Non sappiamo quanto costerà alle casse pubbliche il nuovo parco del Piccaro. Sappiamo però che la ditta costruttrice decanta nei messaggi promozionali, la posizione panoramica, unica in Liguria, del complesso, “ a picco sul mare ed immerso nel verde del Parco del Piccaro”, si legge testualmente. Il condominio immerso nel parco si accolla, in tutto o in parte, le spese di manutenzione o queste spese saranno, per intero, a carico del Comune di Borghetto? Di chi è (escludendo la parte riservata al futuro albergo di lusso, sempre che venga poi realizzato), di fatto, il parco al quale il pubblico potrà accedere? Chi lo cura e mantiene?

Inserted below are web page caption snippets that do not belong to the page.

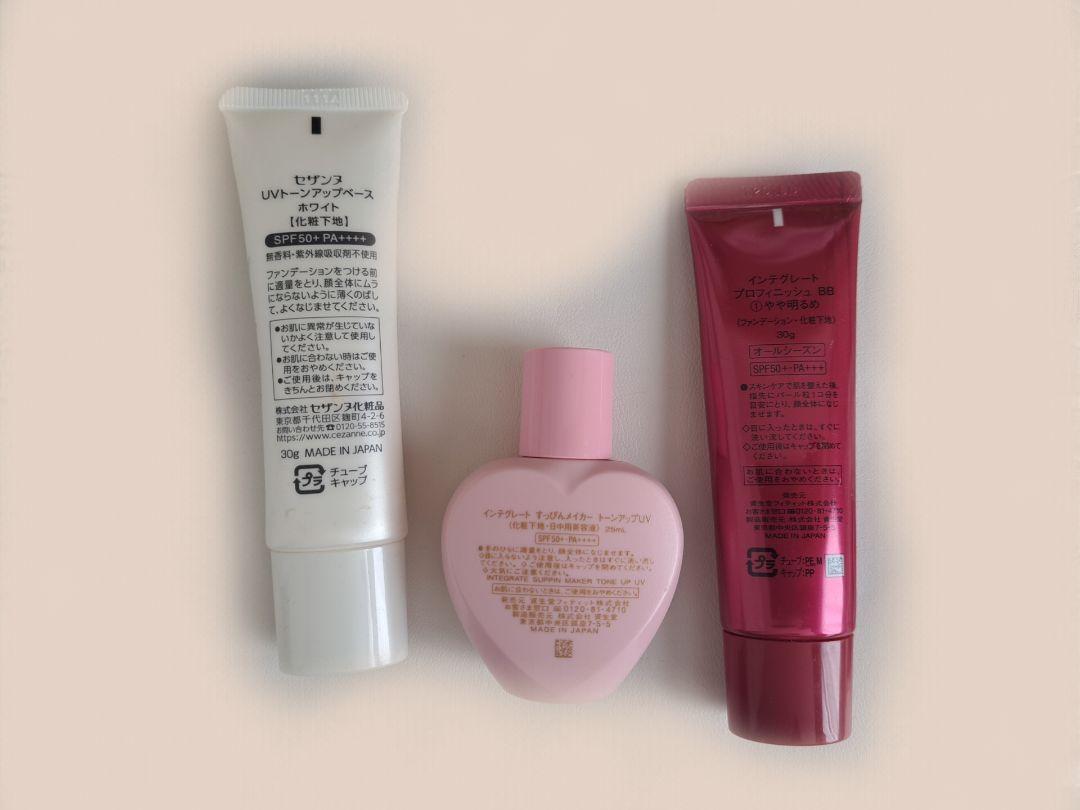 コスメまとめ売り 56点 エクセル バイユア ティルティル エテュセ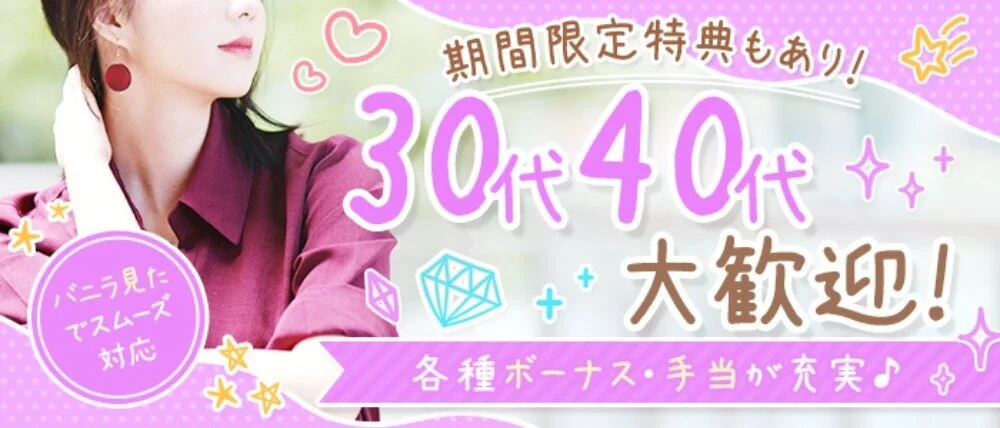 Amateras 【アマテラス】仙台 - 求人メイン画像2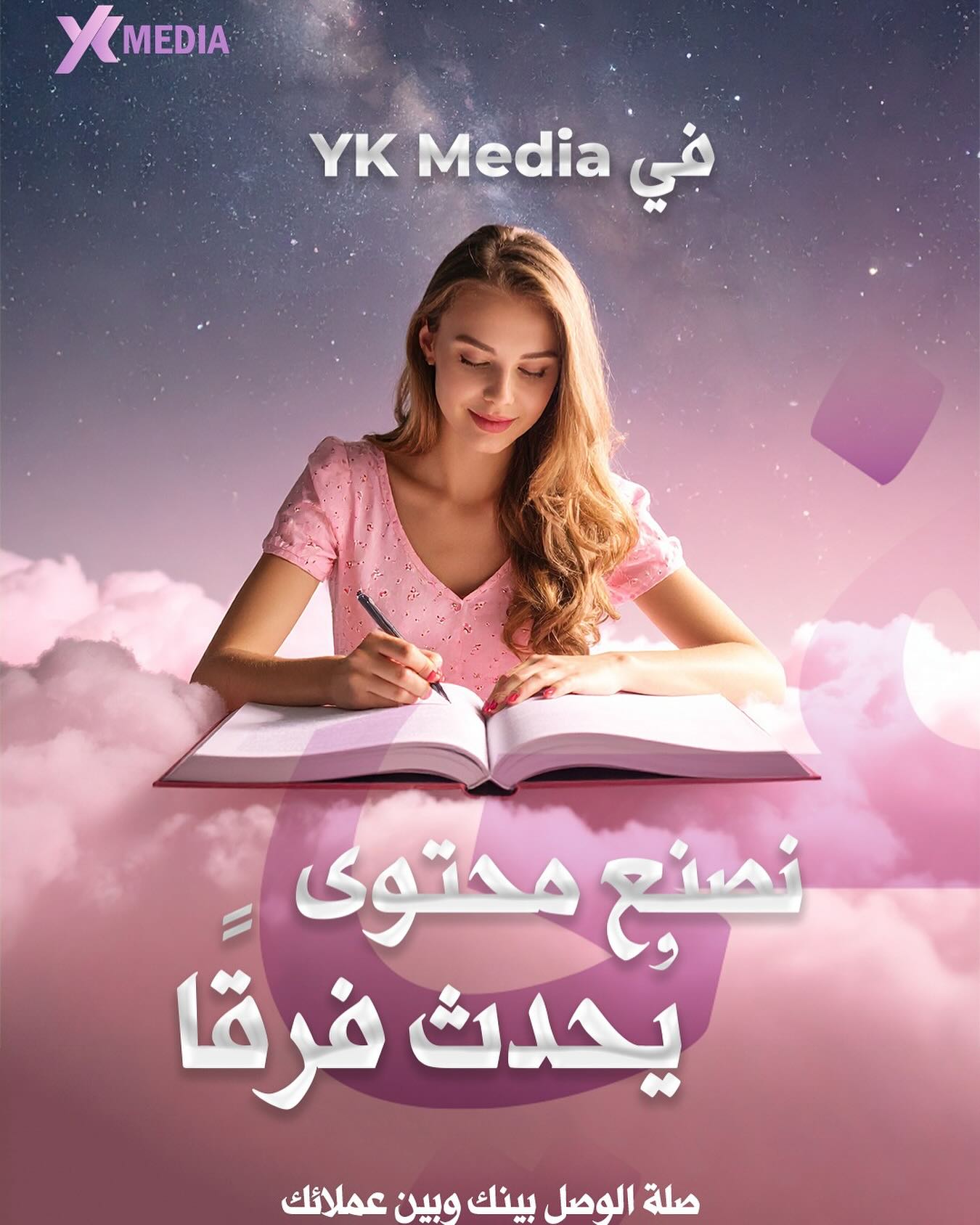 YK Media Facebook ad: YK Events and MEDIA | Digital Marketing Agency…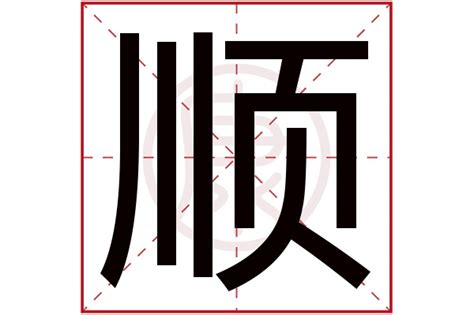 顺字设计,中文字体,字体设计,设计模板,汇图网www.huitu.com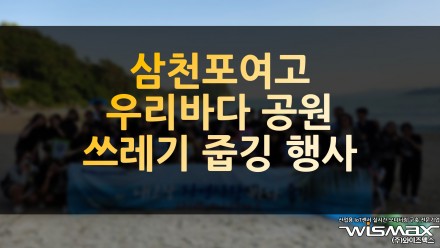 삼천포여고 '우리 바다 공원 쓰레기' 줍깅 행사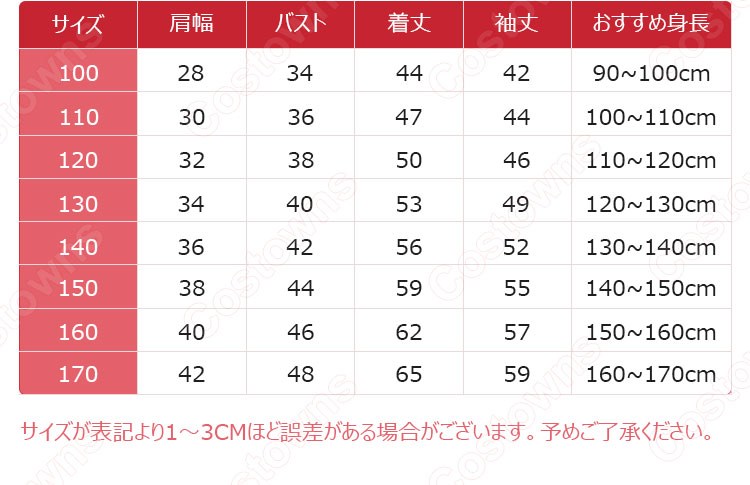 『鬼滅の刃』ハロウィーン周辺 パーカー ジッパー付き 猫耳フード付き カジュアル スウェット アニメ プリント 長袖 記念シャツ キッズ おしゃれ イベント 衣装 男女兼用-10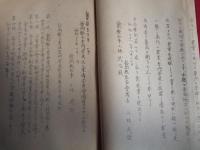 農林専門学校設立準備書（昭和21年、静岡県立農林専門学校設立準備委員会）静岡県参事会議長意見書、委員会規程、設立準備委員長、委員・幹事氏名、静岡県立農林専門学校設置概要、組織、経費、建物ほか、他府県農専校一覧
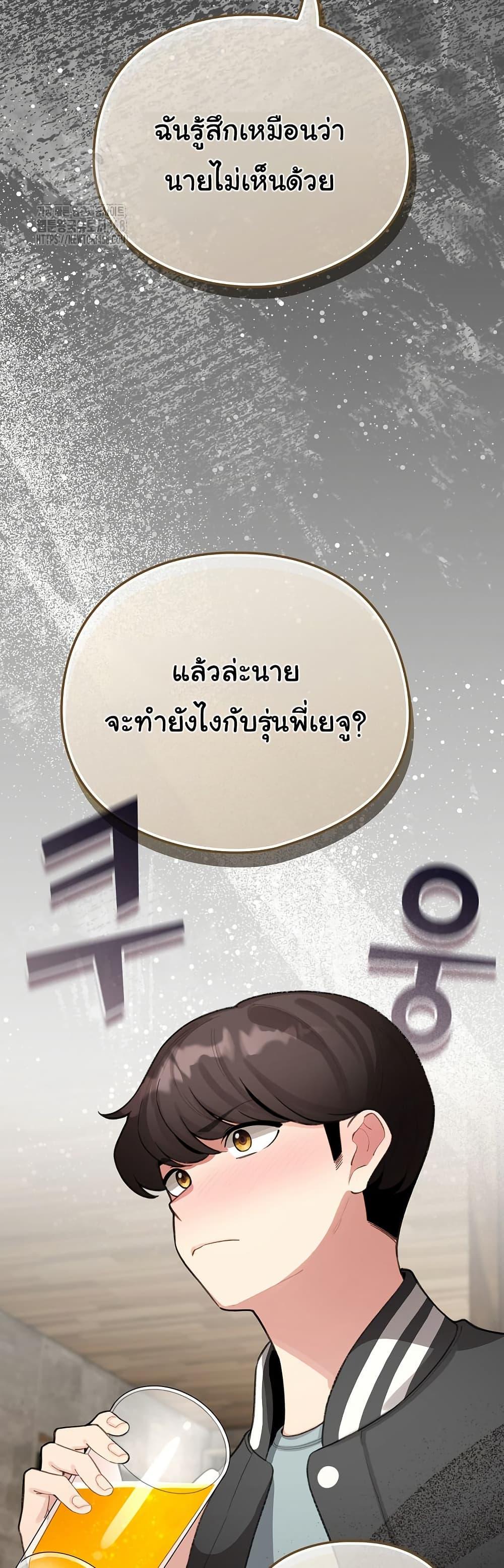 I Became a Pornhwa NPC – I Became a Pornhwa NPC – ตอนที่ 47 หน้า 17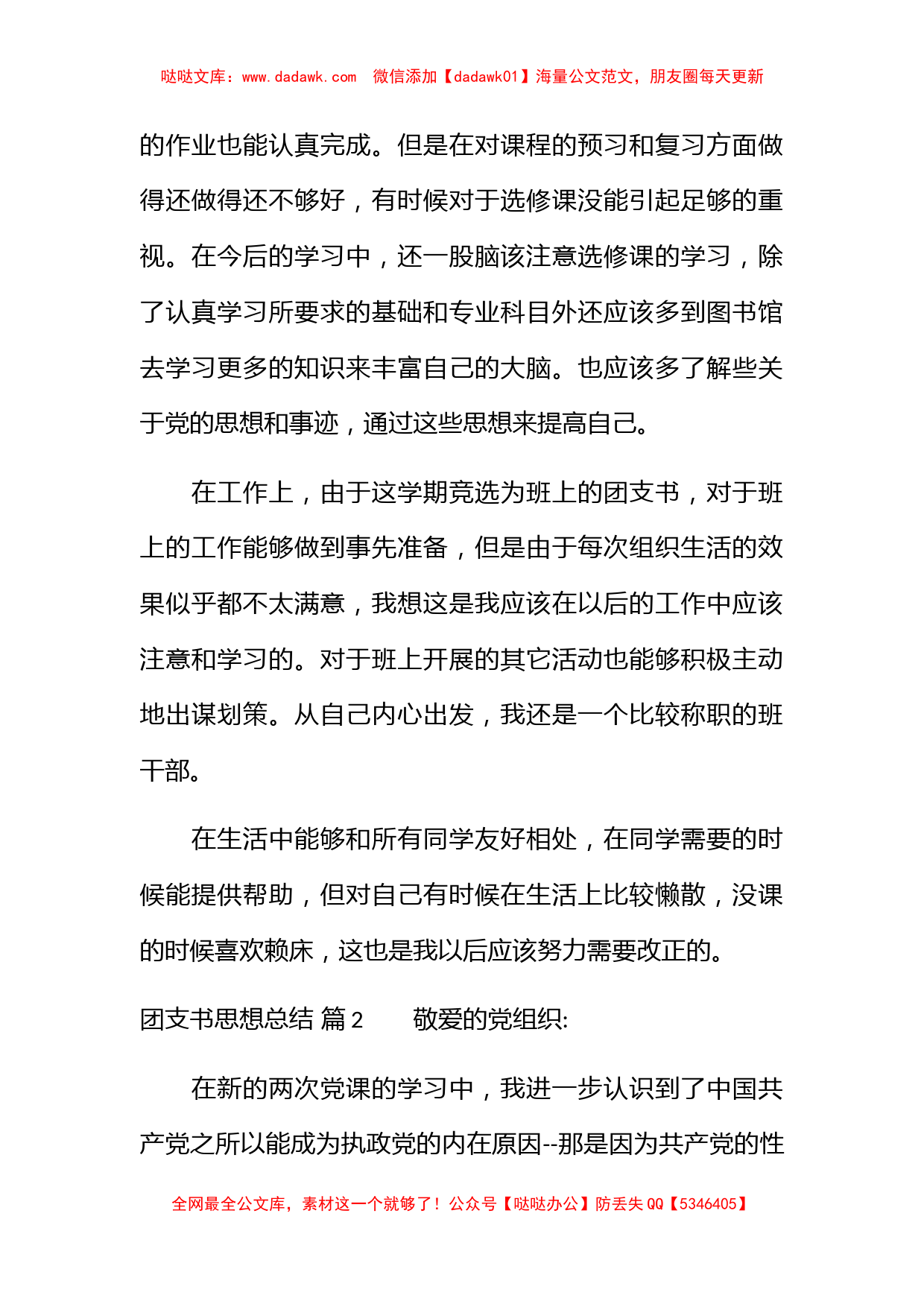 团支书思想总结_第2页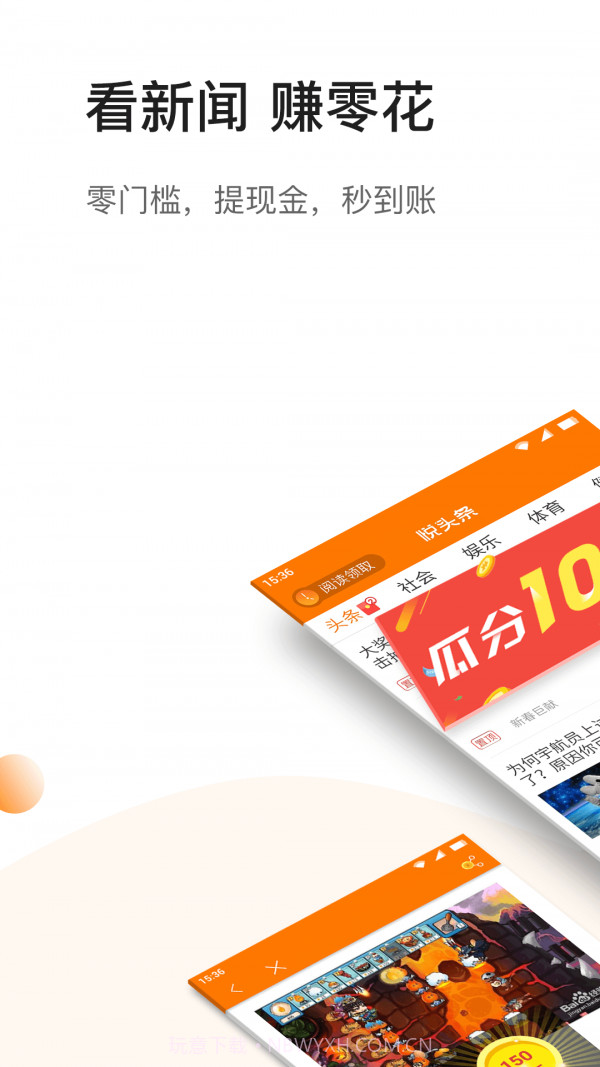 悦头条截图1 悦头条截图1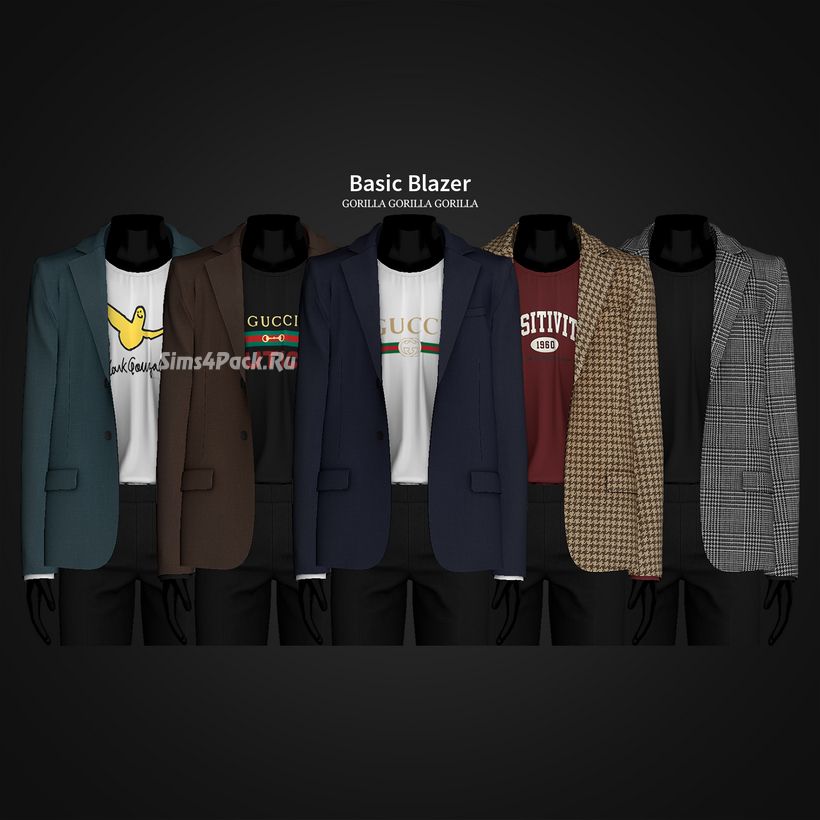 Пиджак и лонгслив "Basic Blazer"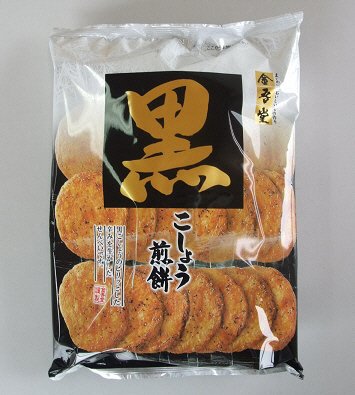 黒こしょう煎餅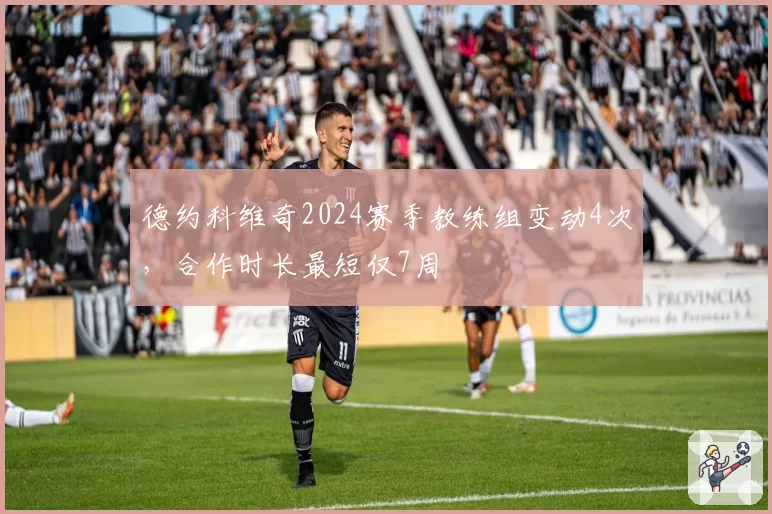 德约科维奇2024赛季教练组变动4次,合作时长最短仅7周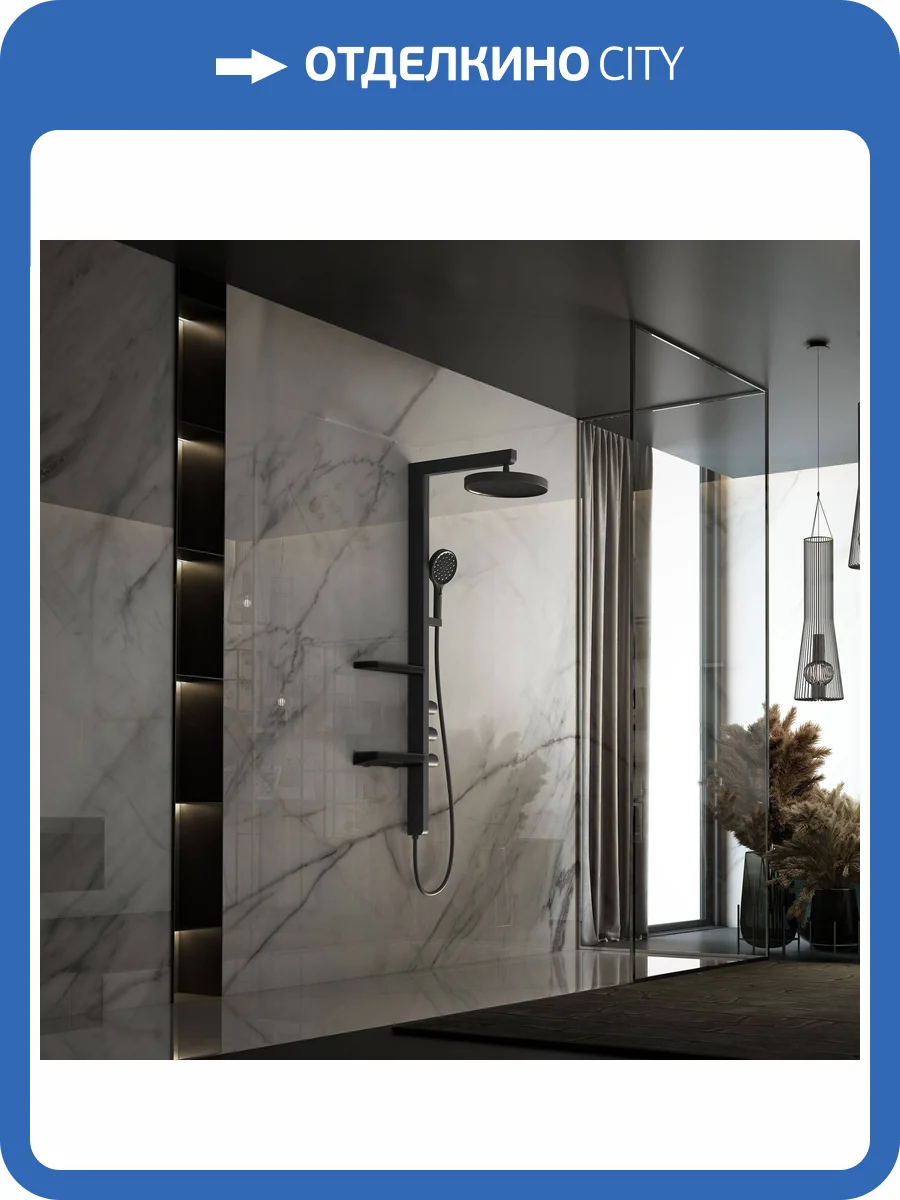 Душевая стойка Vincea Inspire VSFS-3I11MB черная, с изливом, с тропическим душем, 30 см фото 7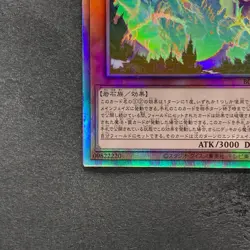Lord of the Heavenly Prison BODE-JP030 Holographic Rare YuGiOh 270 - Image 4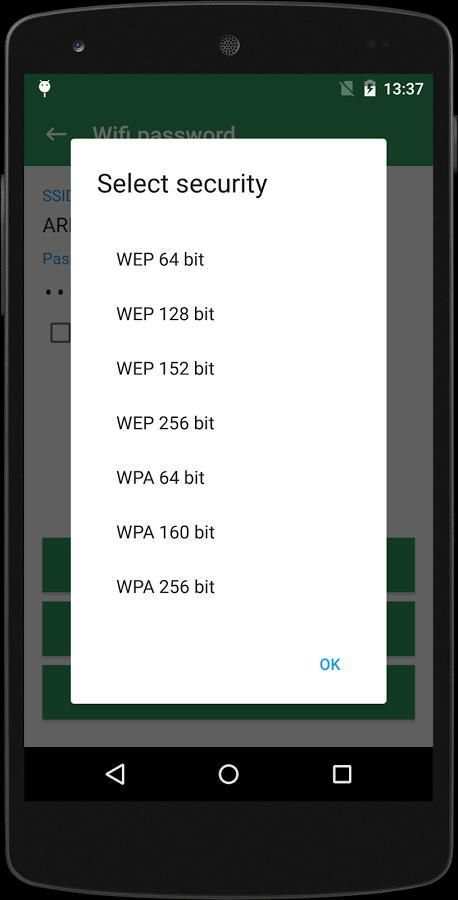 Wi-Fi пароль скриншот 2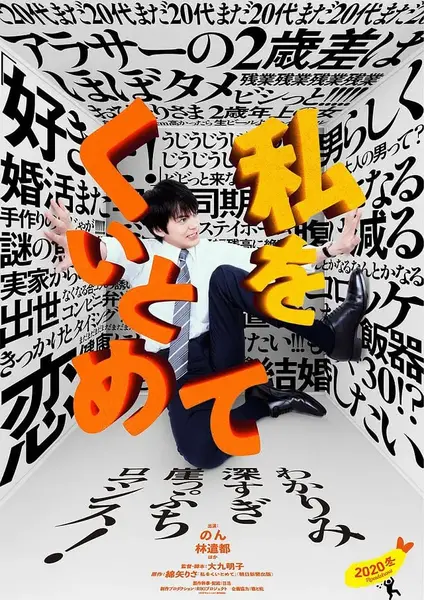 把我关起来 私をくいとめて (2020)-千尺浪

Un’ultima notazione. Il Sindaco non spende una parola sull’accesso veicolare al Castello. Eppure l’amministrazione è riuscita ad ottenere un pugno di parcheggi ad uso pubblico vicino al Castello. Il Sindaco parla esclusivamente del passaggio pedonale. Potranno i veicoli (quelli dei residenti e quelli dei comuni cittadini che intendono raggiungere in auto il parco, approfittando della peraltro limitata , quasi inesistente, possibilità di fruizione dei pochissimi parcheggi pubblici di nuova realizzazione) entrare ed uscire e, se sì, come e, soprattutto, quando? Quando la lanterna semaforica mostra il rosso ai veicoli sull’Aurelia ed il verde ai pedoni? O, all’opposto, quando i pedoni sono bloccati e i veicoli sulla statale liberi di procedere? Nel primo caso parlare di semaforo per i pedoni è fuorviante (posto che anche i veicoli in entrata ed in uscita dal Castello ne beneficiano). Nel secondo caso ogni manovra di entrata o uscita metterebbe in serio pericolo la circolazione (chi transita sull’Aurelia, alla vista del verde, procede con la certezza che la marcia per lui è libera, senza possibilità di immissioni di veicoli o pedoni sulla carreggiata).
Consoliamoci con una speranza; conserviamo l’illusione che il nuovo semaforo possa disciplinare, per evidenti ragioni di sicurezza, sia il traffico pedonale che quello veicolare e, in compenso, come risarcimento e rimedio al nuovo (e non irrilevante) rallentamento, il Sindaco riesca ad eliminare uno dei due semafori ravvicinati di Borghetto.
Un semaforo sul capo ed uno in meno nel centro.